Mis setas de los césares, mis oronjas mortales, mis amanitas y mi cardo mariano no se veían por ninguna parte. Habían desaparecido. Se habían esfumado. En su lugar (¡en su lugar!), había un espeso manto de ranúnculos de un luminoso color amarillo. ¡Ranúnculos, por el amor de Dios! Ranúnculos. Mi pequeño Shangri-La, mi mundo microscópico de setas y descomposición micótica, estaba cubierto por un manto de flores que nunca había crecido en Tuva. Pero ¿cómo? ¿Y por qué? ¿Y quién? ¿Y cuándo? Nada tenía sentido. Y solo había una certeza.

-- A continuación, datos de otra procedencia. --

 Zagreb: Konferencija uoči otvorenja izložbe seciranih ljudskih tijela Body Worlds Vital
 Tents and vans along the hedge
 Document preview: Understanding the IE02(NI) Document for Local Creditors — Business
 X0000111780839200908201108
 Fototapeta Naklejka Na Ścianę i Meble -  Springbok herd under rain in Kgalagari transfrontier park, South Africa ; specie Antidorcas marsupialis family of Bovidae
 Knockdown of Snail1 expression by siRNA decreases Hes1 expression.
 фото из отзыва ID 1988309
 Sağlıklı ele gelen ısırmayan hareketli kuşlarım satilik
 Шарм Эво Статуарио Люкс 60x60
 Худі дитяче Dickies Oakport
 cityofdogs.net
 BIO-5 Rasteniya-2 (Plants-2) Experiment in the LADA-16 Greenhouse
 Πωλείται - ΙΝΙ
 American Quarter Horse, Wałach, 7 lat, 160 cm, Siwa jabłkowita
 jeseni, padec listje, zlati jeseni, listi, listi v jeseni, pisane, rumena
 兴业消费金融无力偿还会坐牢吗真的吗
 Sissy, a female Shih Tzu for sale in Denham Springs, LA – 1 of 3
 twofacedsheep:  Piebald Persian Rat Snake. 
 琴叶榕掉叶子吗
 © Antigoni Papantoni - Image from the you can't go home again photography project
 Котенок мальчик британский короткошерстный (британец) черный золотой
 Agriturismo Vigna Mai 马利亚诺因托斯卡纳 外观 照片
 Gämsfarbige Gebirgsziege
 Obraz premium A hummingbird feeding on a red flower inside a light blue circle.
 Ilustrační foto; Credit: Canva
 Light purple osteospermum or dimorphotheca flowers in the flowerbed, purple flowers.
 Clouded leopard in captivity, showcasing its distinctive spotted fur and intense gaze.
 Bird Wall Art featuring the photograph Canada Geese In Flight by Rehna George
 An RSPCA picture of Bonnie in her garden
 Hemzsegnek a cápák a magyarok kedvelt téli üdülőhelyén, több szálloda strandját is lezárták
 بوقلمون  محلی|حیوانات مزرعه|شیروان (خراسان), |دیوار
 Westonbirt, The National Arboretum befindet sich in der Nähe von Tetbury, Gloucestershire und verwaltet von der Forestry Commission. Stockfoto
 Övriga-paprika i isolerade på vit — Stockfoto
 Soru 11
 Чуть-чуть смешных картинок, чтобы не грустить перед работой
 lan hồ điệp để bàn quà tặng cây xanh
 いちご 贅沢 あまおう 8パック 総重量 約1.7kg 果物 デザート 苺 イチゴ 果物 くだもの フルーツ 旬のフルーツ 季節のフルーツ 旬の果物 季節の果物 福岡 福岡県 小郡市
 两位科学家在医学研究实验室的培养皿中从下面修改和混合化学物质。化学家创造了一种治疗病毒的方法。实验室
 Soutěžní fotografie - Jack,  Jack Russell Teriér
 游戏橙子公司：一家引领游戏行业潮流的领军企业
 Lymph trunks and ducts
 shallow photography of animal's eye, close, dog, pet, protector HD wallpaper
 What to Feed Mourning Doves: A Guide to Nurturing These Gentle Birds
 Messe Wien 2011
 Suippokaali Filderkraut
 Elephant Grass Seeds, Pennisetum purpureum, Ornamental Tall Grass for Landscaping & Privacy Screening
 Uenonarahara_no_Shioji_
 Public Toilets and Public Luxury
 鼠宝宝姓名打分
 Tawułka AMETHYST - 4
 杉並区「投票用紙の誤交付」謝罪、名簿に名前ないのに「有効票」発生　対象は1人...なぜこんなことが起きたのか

—Se van a morir todos. —Eso fue lo que le dije a Gilbertine—. Se van a morir sin remedio. No hay esperanza.

—Señor, ¿no hay nada…?

—No. No hay nada. No me queda nada. Lo usé todo para mí. Se van a morir todos. Todos y hasta el último de ellos. Es el fin, el fin, el fin. Es el fin de todo.

—Pero ¿quién ha hecho esto? —preguntó Gilbertine—. ¿Quiénes son esas personas? ¿Qué es lo que quieren, señor?

Bueno, yo tenía bien claro qué era lo que querían. Claro como la luz del día. Como Iván me había dicho una vez: «O estás con nosotros o estás contra nosotros». Y, de forma clara, ellos estaban contra nosotros.

Y esto, Peter, es casi el final. El resto es demasiado doloroso para contarlo. No tengo ánimos para dar color a la historia; me limitaré a relatarte los hechos. El príncipe Mircea fue el primero en sucumbir. Era el que más enfermo se encontraba al llegar. Cayó en un coma en pocas horas y nunca recuperó la conciencia. El rey Laszto fue el siguiente en irse. También él cayó en coma. Luego les llegó el turno a los tres miembros de la Orden. Uno. Dos. Tres. Cenizas a las cenizas. Polvo al polvo. Y luego fue el zar Iván. Y el príncipe Estanislao.

Todos sabían que iban a morir. Todos sabían que era inevitable. Y, sin embargo, fueron al encuentro de la muerte con la mayor dignidad. Sosegadamente. Estoicamente. Sin rabia y, aparentemente, sin dolor. Sencillamente se consumieron, uno a uno, como flores que se marchitan. Los enterramos, a todos y cada uno de ellos, en la pequeña parcela arenosa que hay detrás de la capilla Wesleyan. Y fue como si el telón hubiese caído por última vez. Todas esas personas a las que había llegado a conocer tan bien, todos esos amigos, se habían desvanecido como la brisa en los árboles. Y nunca me sentí tan y tan solo. Profundamente solo.

Y ahora ha vuelto a oscurecer y se oye el estruendo en la laguna, solo que más flojo que antes, y hay un suave romper de las olas lamiendo el coral. Y yo sigo aquí sentado, en el extremo más lejano de la tierra, hablando con una bobina que gira y gira sin parar.

Y leo su carta una y otra vez; ¿quién sabe?, la habré leído cien veces y ahora me la sé de memoria. Y en mi cabeza hay una pregunta que me da vueltas y más vueltas; vueltas y más vueltas como la bobina de la cinta.

¿Y ahora qué hago, Peter? ¿Y cómo escapo? Estoy atrapado en este pequeño mundo extraño y todo se desmorona y…

—… Y bien, ¿qué va a ser hoy, monsieur Arnold? Le menú? Siento molestarlo. Hoy tenemos un extraordinario blanquette de veau servido con patatas salteadas (es el especial del chef), o tenemos un coq au vin buenísimo, que viene servido con arroz; o, si desea algo más ligero, hay… Clic.